Many parents have had to buy new outfits for their children who have grown bigger after being out of school for nearly one year due to coronavirus.

Hellen Jonathan, a mother of two, was making last-minute purchases at a uniform shop on River Road when The Standard caught up with her.

“It’s been a year of a lot of changes. The boys are now so chubby because they have been home with mum resting and being taken care of. We have to buy them new school uniforms,” she said.

Edwin Mwilu, another parent, said back-to-school shopping was strenuous and had greatly dented his pocket.

“I have to buy a uniform and books for the new school year. My budget is a lot tighter than it was before the pandemic hit,” said Mwilu.

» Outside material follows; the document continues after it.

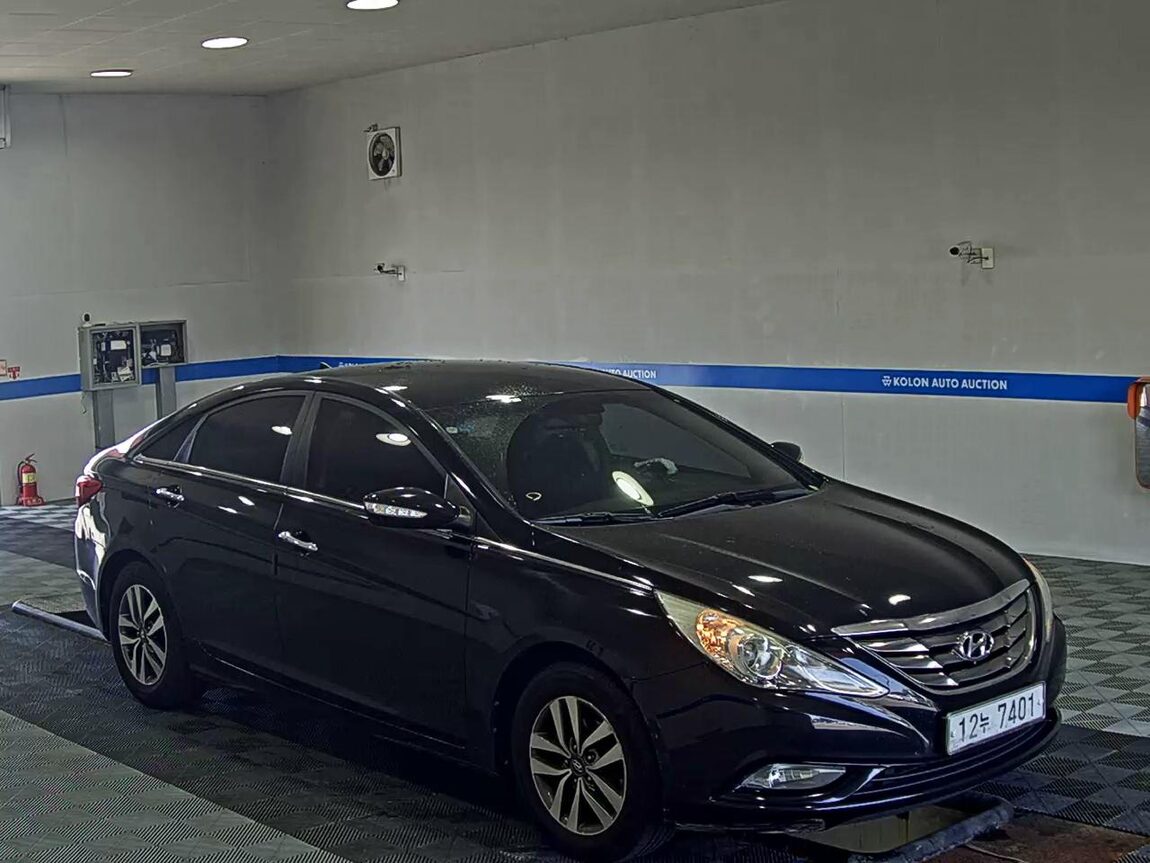 HYUNDAI YF SONATA Y20 PREMIER PREMIUM MODEL 2010 - zdjęcie 3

Mary Wambui, who sells school supplies like socks, sweaters, shirts, and stationery at a stall on River Road, said business has been good since November last year when Education Cabinet Secretary George Magoha announced that schools would reopen this month.

Better times

“When the pandemic started, my business was struggling to stay afloat. When schools were closed due to the outbreak, I was forced to store my supplies as I waited for better times. The merchandise I bought over a year ago has just started finding buyers,” said Ms Wambui.

She said she makes up to Sh5,000 per day.

Wambui is trying to save money from her business to help pay for accommodation and other requirements for her two university-going children by next week.

A mother who was purchasing books and stationery at a Nairobi shop yesterday asked the Government to ease the financial burden for parents as schools reopen.

“It is so hard for most parents. They can’t afford it, but their children still have to go to school. For each of my three children, I have to buy textbooks and stationery worth Sh15,000 each,” she said.

Schools officially reopened yesterday following the Government’s November announcement of the planned resumption of learning, despite concerns of safety in the wake of the pandemic.

Covid-19 measures being observed in schools include setting up handwashing stations and conversion of spaces, including fields, tree shades and dining halls into learning areas.